Why would you dump a requirement for financial advisers to give advice that's in their client's best interests?
- Written by Ama Samarasinghe, Lecturer, RMIT University
The findings about advisers in the landmark 2019 financial services royal commission couldn’t have been more stark.
Time after time financial advisers were found to have[1]:
lacked skill and judgement
proposed actions that benefited the adviser
been unwilling to find out whether poor advice had been given
been unwilling to take timely steps to put bad advice right.
The result was a series of radical, but long-awaited changes in the industry, ranging from mandating a bachelor’s degree to enforcing ongoing professional development to introducing a legally-enforceable code of ethics.
Around 10,000[2] of the industry’s 25,000 advisers left, most retail banks offloaded their advice arms, and the median annual fee for ongoing advice climbed 40% from A$2,510 to $3,529[3].
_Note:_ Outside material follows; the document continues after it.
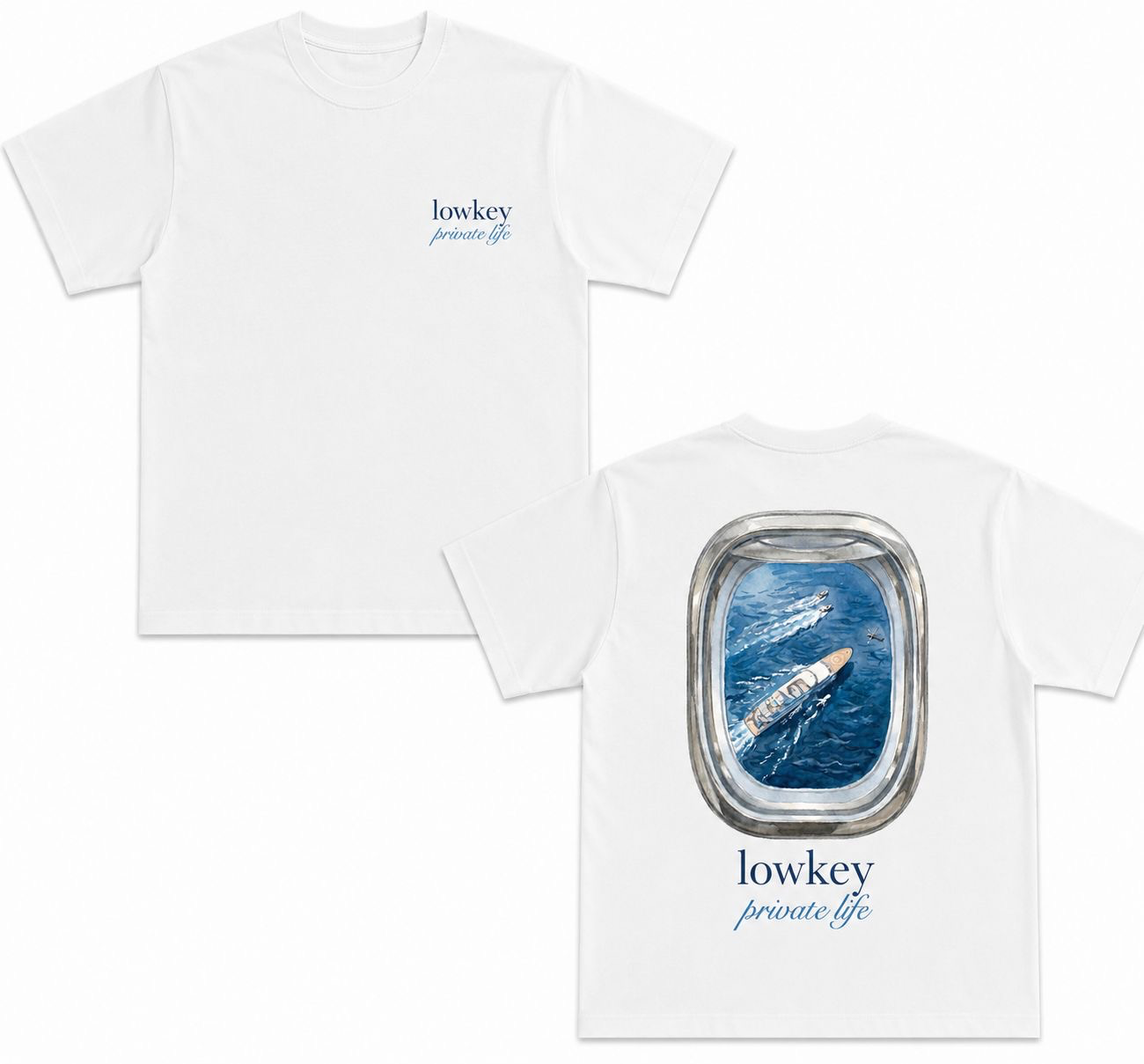 Private Life Tee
‘Best interests’ or ‘good advice’?
In response, ahead of this year’s election the then financial services minister Jane Hume commissioned a quality of advice review[4], which is due to hand its final report to the new financial services minister Stephen Jones on Friday.
Ahead of its final report the review has published 12 draft proposals[5] intended to make advice more affordable and accessible.
One of them would replace the present requirement for advisers to give advice that is in their clients “best interests[6]” with advice that is merely “good advice[7]”.